### Supplied material
^^^^
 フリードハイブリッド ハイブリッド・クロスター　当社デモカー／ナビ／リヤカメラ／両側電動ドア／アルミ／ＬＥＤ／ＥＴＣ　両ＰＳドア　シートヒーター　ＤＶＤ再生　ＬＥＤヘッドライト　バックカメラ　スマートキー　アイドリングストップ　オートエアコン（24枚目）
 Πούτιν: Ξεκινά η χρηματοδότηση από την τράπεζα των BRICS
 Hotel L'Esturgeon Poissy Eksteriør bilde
^^^^
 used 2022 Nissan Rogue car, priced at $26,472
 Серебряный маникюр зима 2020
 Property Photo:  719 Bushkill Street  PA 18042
^^^^
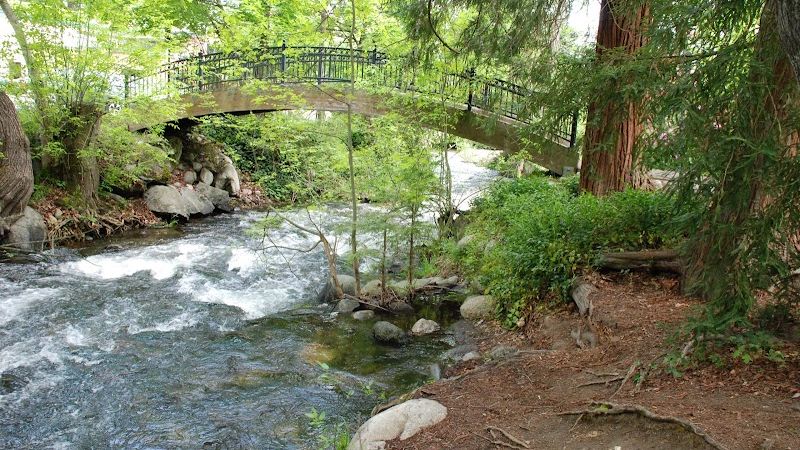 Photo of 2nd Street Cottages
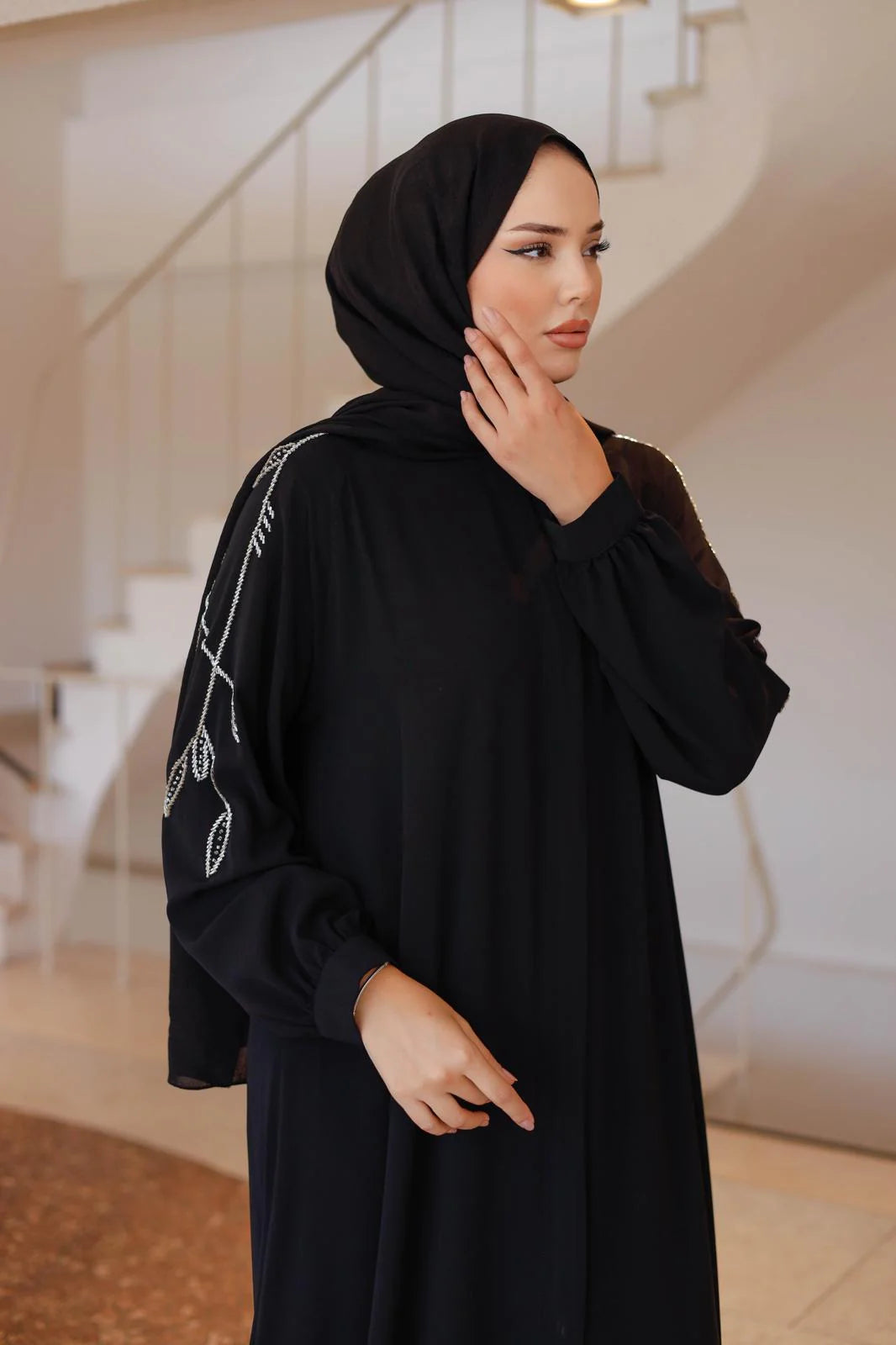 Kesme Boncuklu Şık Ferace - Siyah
^^^^
### Work instructions
Your task is to retype the entries verbatim, starting with the line that holds "フリードハイブリッド ハイブ" and stopping after the line that holds "Hotel L'Esturgeon Poissy Eksteriør bilde".

### Solution
 フリードハイブリッド ハイブリッド・クロスター　当社デモカー／ナビ／リヤカメラ／両側電動ドア／アルミ／ＬＥＤ／ＥＴＣ　両ＰＳドア　シートヒーター　ＤＶＤ再生　ＬＥＤヘッドライト　バックカメラ　スマートキー　アイドリングストップ　オートエアコン（24枚目）
 Πούτιν: Ξεκινά η χρηματοδότηση από την τράπεζα των BRICS
 Hotel L'Esturgeon Poissy Eksteriør bilde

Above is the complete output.